Records provided:
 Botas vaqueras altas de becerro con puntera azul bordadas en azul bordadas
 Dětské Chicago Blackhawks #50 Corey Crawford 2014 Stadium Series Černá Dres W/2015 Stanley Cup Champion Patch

--

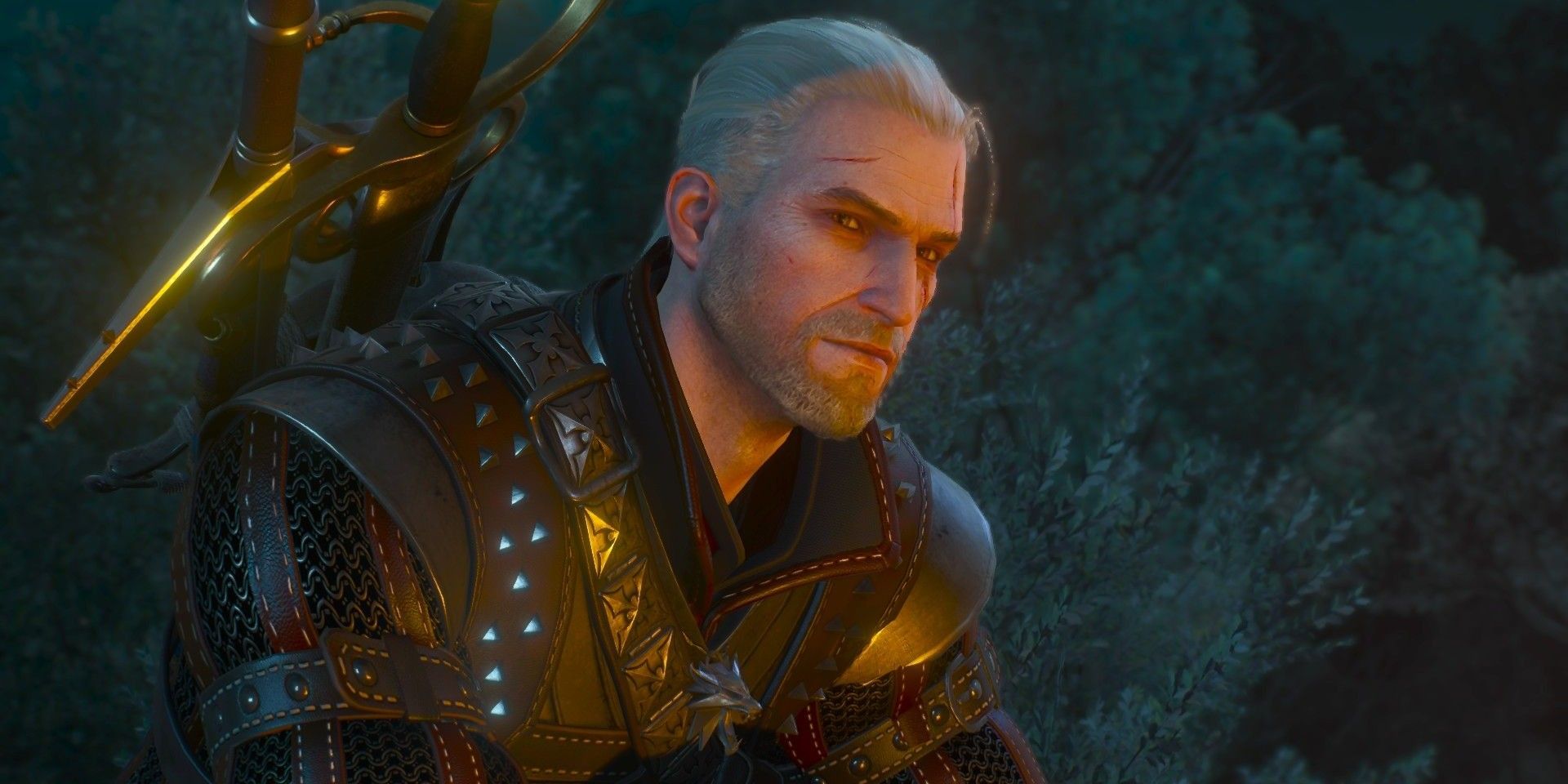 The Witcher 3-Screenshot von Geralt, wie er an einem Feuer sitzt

Directions: Nothing should appear in the answer except the lines above from the line with "Botas vaqueras altas" through the line with "Dětské Chicago Blackhawks", both included, written out exactly.

Response:
 Botas vaqueras altas de becerro con puntera azul bordadas en azul bordadas
 Dětské Chicago Blackhawks #50 Corey Crawford 2014 Stadium Series Černá Dres W/2015 Stanley Cup Champion Patch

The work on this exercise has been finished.